Mais ce n’était sans compter sur l’avènement de la génétique qui devait clarifier la situation. Et de clarification… il n’y a pas eu ! Car ces différences morphologiques ne semblent pas corroborées par des différences génétiques ! C’est là une des disparités notable entre les taxonomistes actuels qui utilisent de plus en plus la génétique pour distinguer les espèces (voire les sous-espèces, variétés, etc.) et les agents de terrains, gestionnaires, qui tentent simplement de mettre un nom sur un taxon sur la base de critères morphologiques pour pouvoir ensuite émettre des idées pour la conservation et la gestion des espèces ou de leurs habitats. Par ailleurs, il est nécessaire de souligner que ces derniers critères morphologiques ne sont pas toujours évidents à noter selon leur taille, la possibilité de capture de l’animal et... la fugacité de l’observation !
Qu’importe pour cette fois, le technicien « bancairisera » la donnée au niveau du genre « Neomys » car à ce niveau de classification taxonomique, cette seule observation est importante.
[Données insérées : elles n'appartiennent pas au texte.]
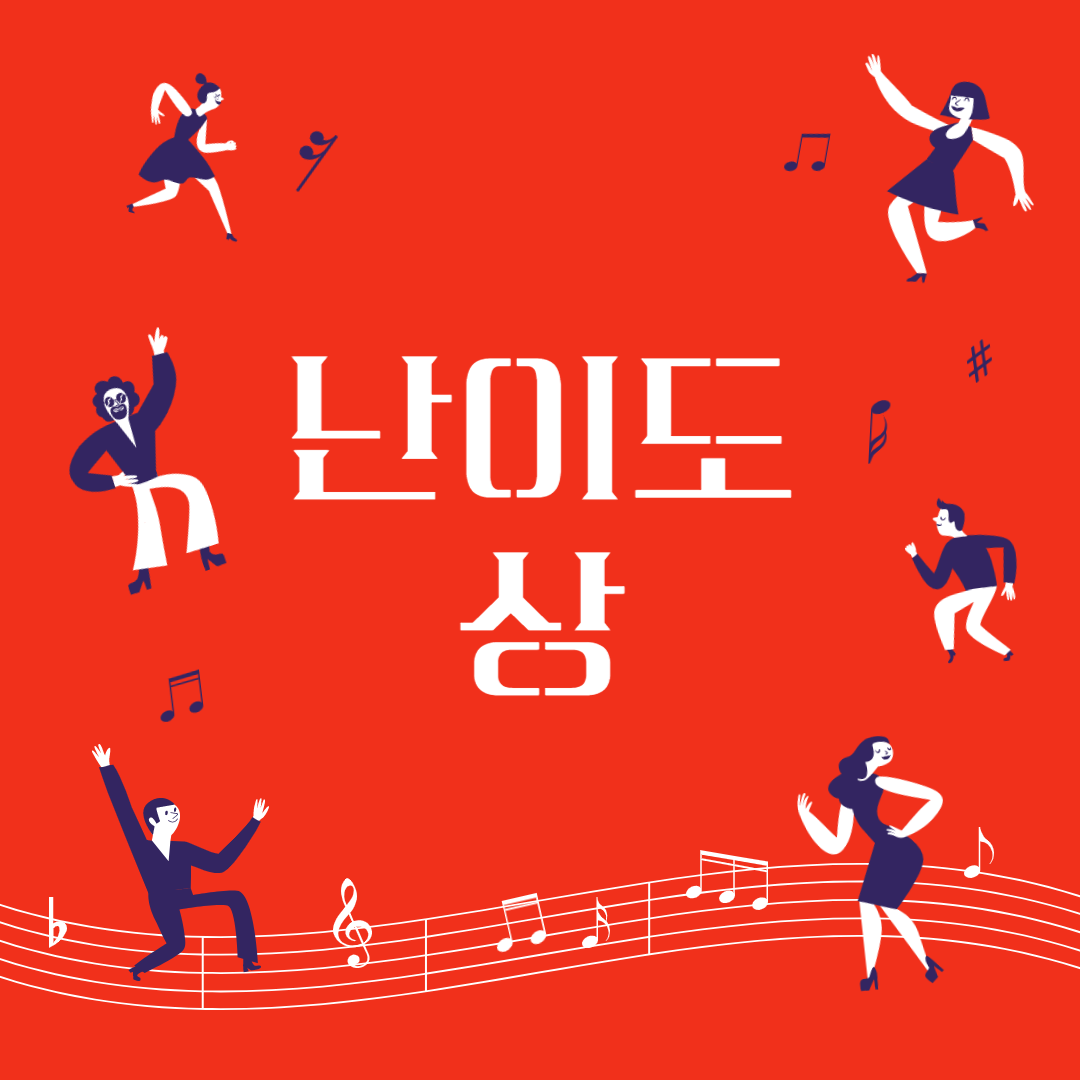 원문 사진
En effet, en regardant la base de données publique Biodiv’Ecrins du Parc national voisin, le contact de ce genre reste relativement rare. Depuis 1995, seules 5 observations de Crossope de Miller sont validées contre 17 observations de Crossope aquatique depuis 1978 ! A noter également que la majeure partie des données homologuées au niveau de l’espèce en région PACA le sont à partir d’individus trouvés morts le long des cours d’eau….
Les deux espèces sont semi-aquatiques. Plus que des menaces directes qui pèsent sur elles, l’artificialisation de leurs habitats (uniformisation des berges, calibrages de cours d’eau, drainages des zones humides par exemple) et la pollution des eaux affectent leurs populations.